Make an exact copy of all the records that follow, apart from the pictures.
[Opening Input data section]
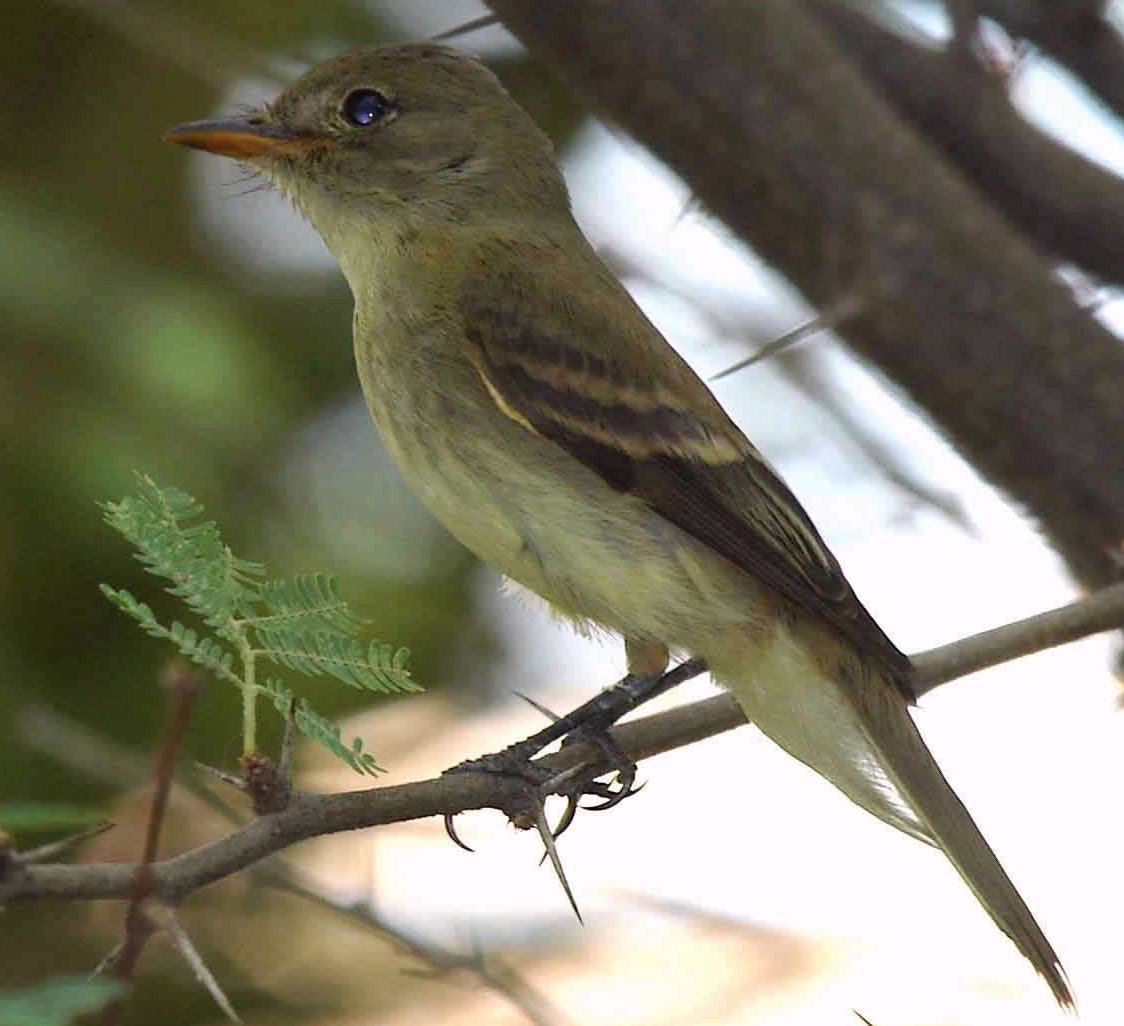 Empidonax traillii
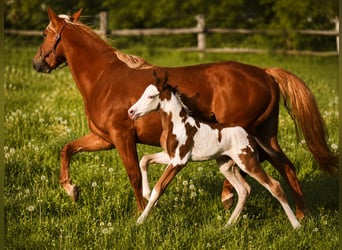 American Paint Horse, Stallone, Puledri (05/2026), 152 cm, Overo-tutti i colori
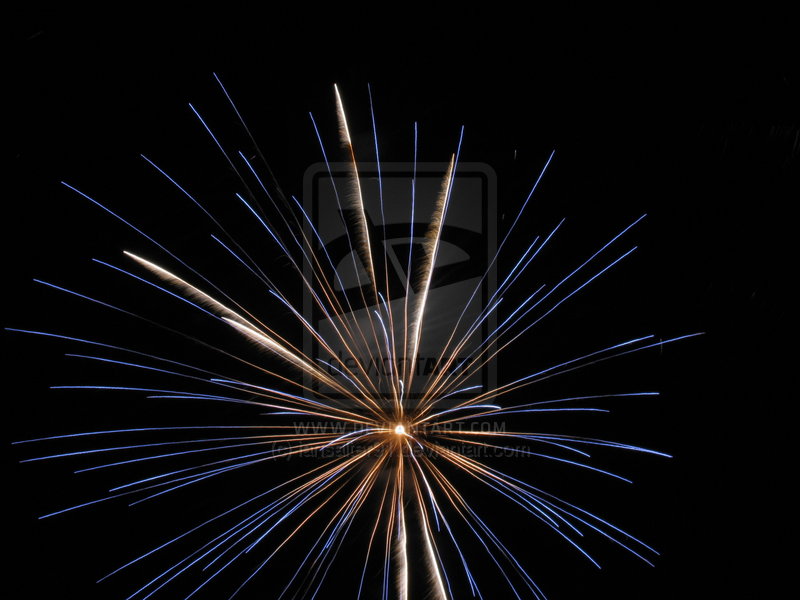 carterhatch_fireworks_2010_by_iansalter91-d32cg2x.jpg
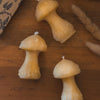 Mushroom Beeswax Candle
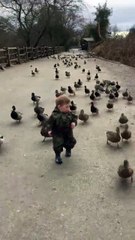 بالفيديو هذا هو المعنى الحقيقي لـ جملة السير مع التيار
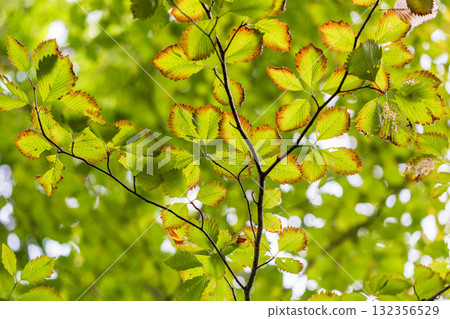 The leaves are so beautiful 132356529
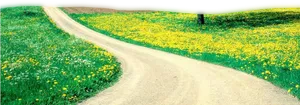 Springtime Country Road Floral Bloom PNG Image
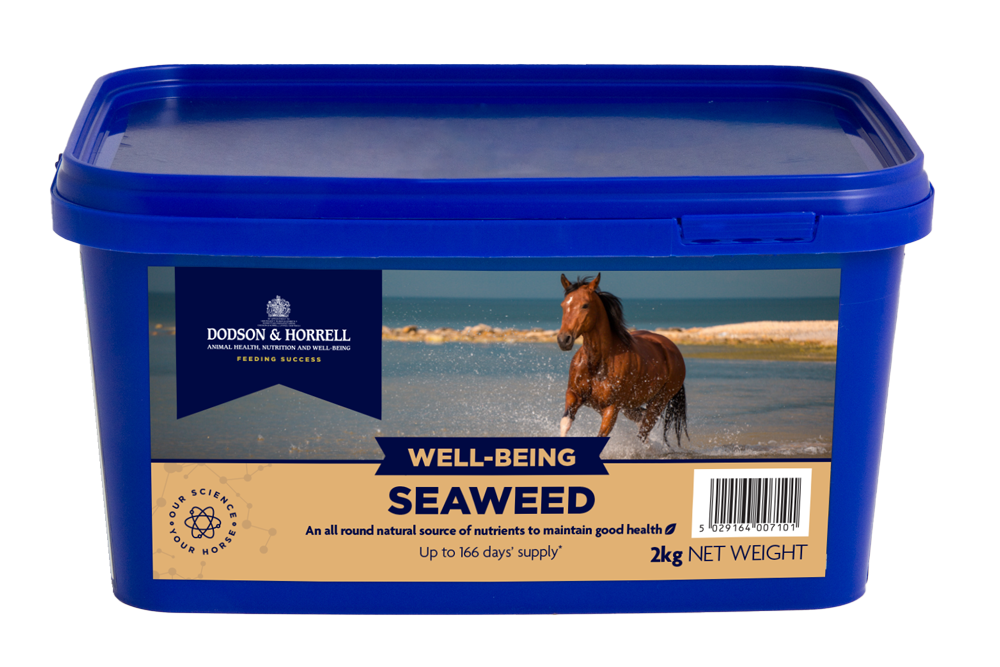 Seaweed 2kg
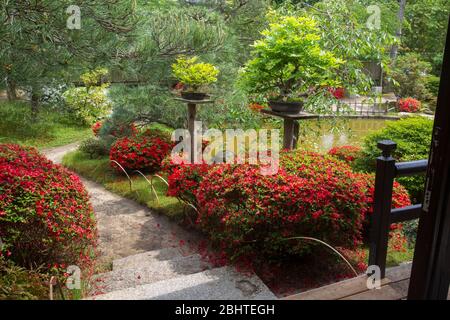 Erstaunliche Blüte von roten Rhododendren im japanischen Garten in Potsdam Deutschland. Und Bonsai (kleine Bäume) - eingetopft Stockfoto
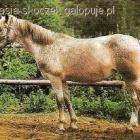 zdjęcie nr 33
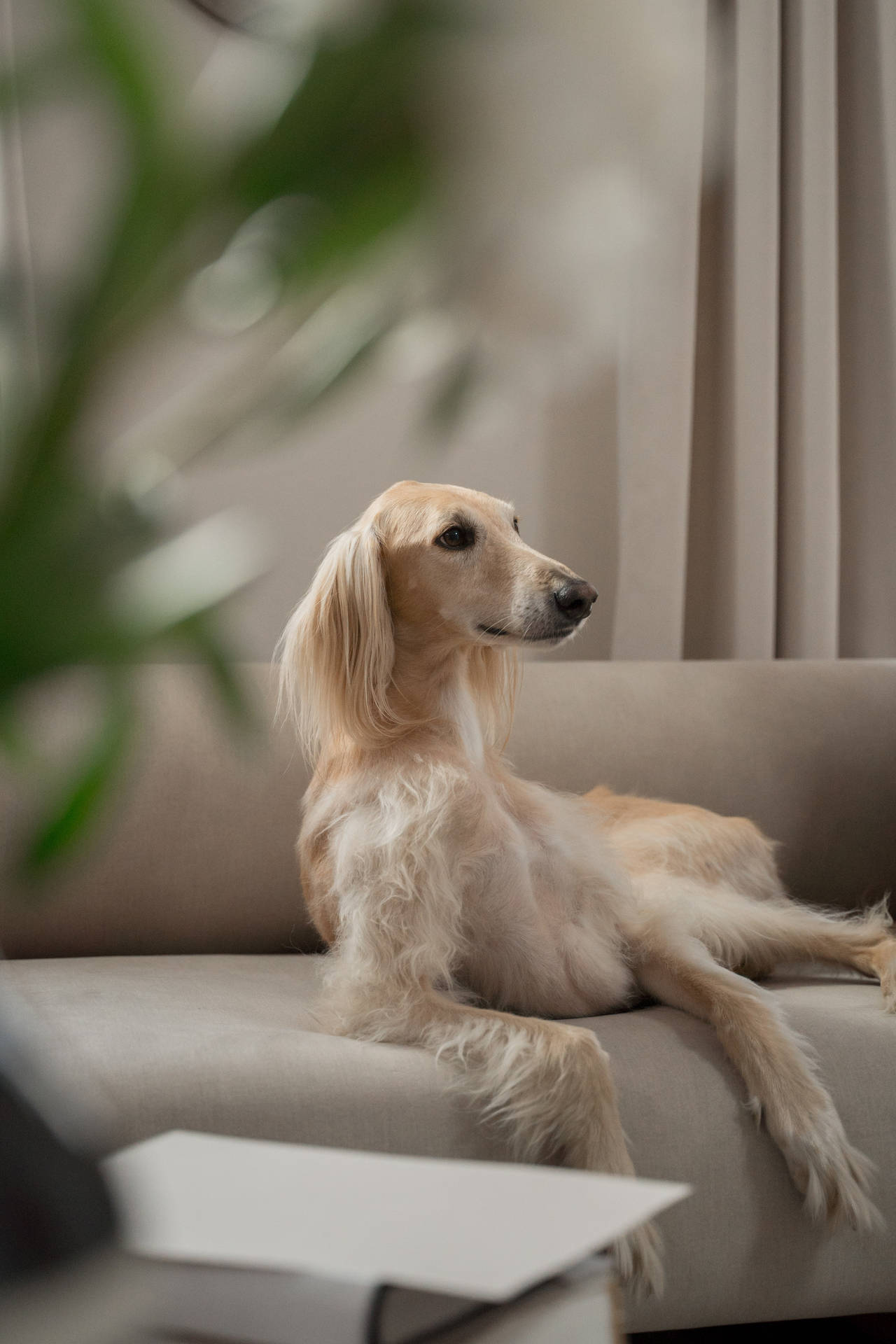 Greyhound On Couch
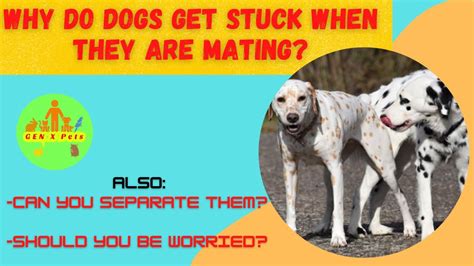 Why Do Dogs Get Stuck When They Are Mating How Do You Get Two Dogs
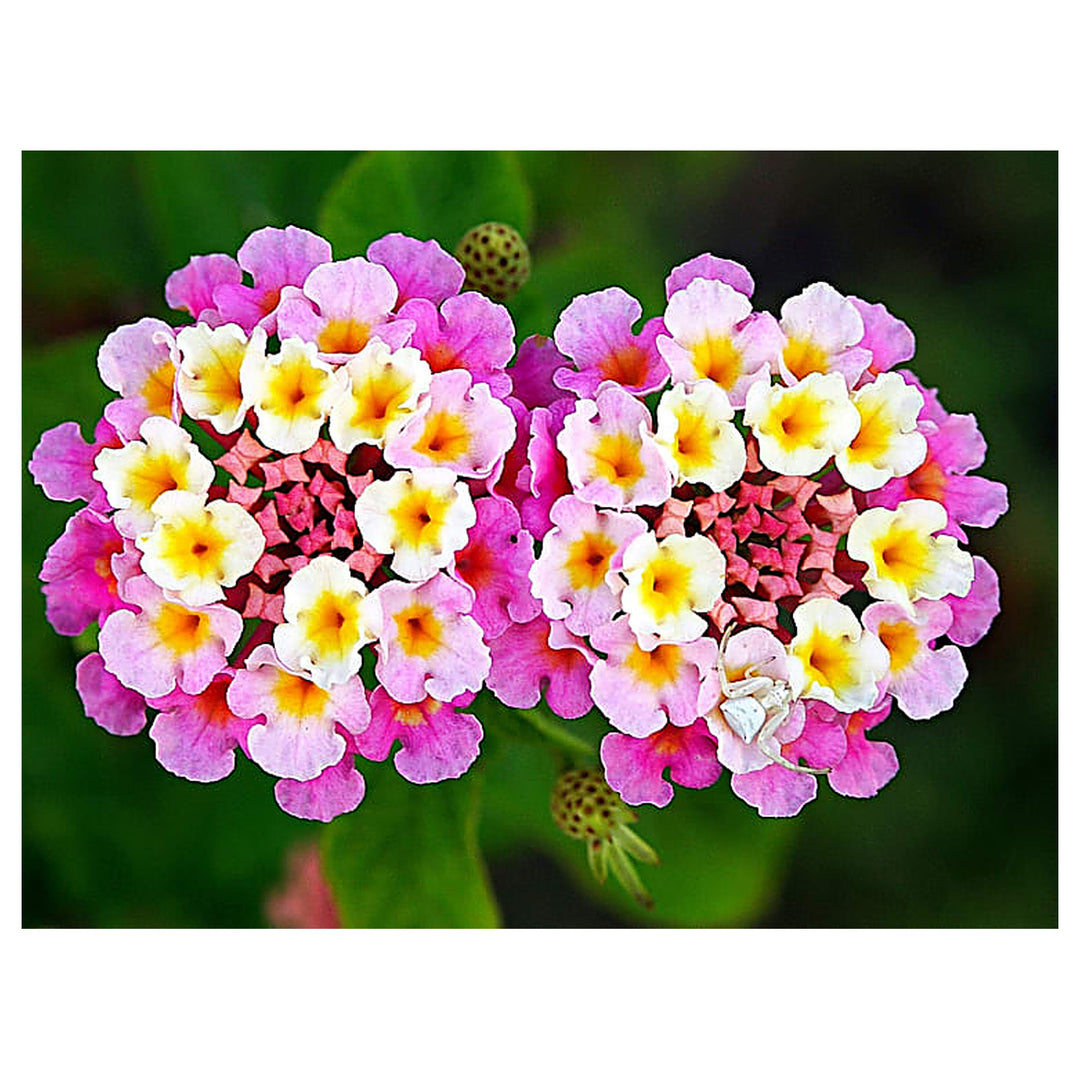 Heirloom Non-GMO Lantana Flower Seeds for Planting – Vibrant Butterfly-Friendly Garden Blooms | Neera Seeds product photo [neera-v4-7dae750c27117158bf31]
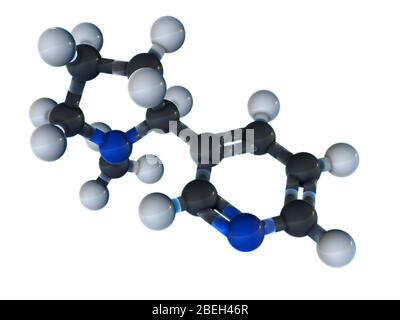 Nikotin-Molekularmodell Stockfoto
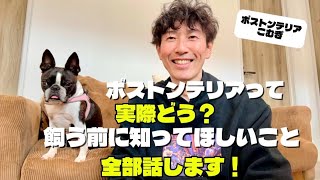 ボストンテリアって実際どう？飼う前に知ってほしいこと全部話します！ 【ボストンテリア】こむぎ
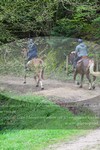 ref. photo 3142903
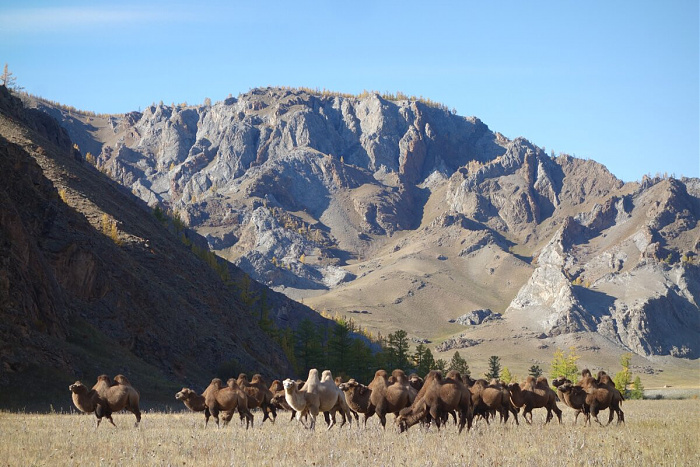 Klicke auf die Grafik für eine vergrößerte Ansicht

Name: mongolei258.jpg
Ansichten: 151
Größe: 281,8 KB
ID: 3325593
[Closing Input data section]
Written answer:
 Empidonax traillii
 American Paint Horse, Stallone, Puledri (05/2026), 152 cm, Overo-tutti i colori
 carterhatch_fireworks_2010_by_iansalter91-d32cg2x.jpg
 Mushroom Beeswax Candle
 بالفيديو هذا هو المعنى الحقيقي لـ جملة السير مع التيار
 The leaves are so beautiful 132356529
 Springtime Country Road Floral Bloom PNG Image
 Seaweed 2kg
 Erstaunliche Blüte von roten Rhododendren im japanischen Garten in Potsdam Deutschland. Und Bonsai (kleine Bäume) - eingetopft Stockfoto
 zdjęcie nr 33
 Greyhound On Couch
 Why Do Dogs Get Stuck When They Are Mating How Do You Get Two Dogs
 Heirloom Non-GMO Lantana Flower Seeds for Planting – Vibrant Butterfly-Friendly Garden Blooms | Neera Seeds product photo [neera-v4-7dae750c27117158bf31]
 Nikotin-Molekularmodell Stockfoto
 ボストンテリアって実際どう？飼う前に知ってほしいこと全部話します！ 【ボストンテリア】こむぎ
 ref. photo 3142903
 Klicke auf die Grafik für eine vergrößerte Ansicht

Name: mongolei258.jpg
Ansichten: 151
Größe: 281,8 KB
ID: 3325593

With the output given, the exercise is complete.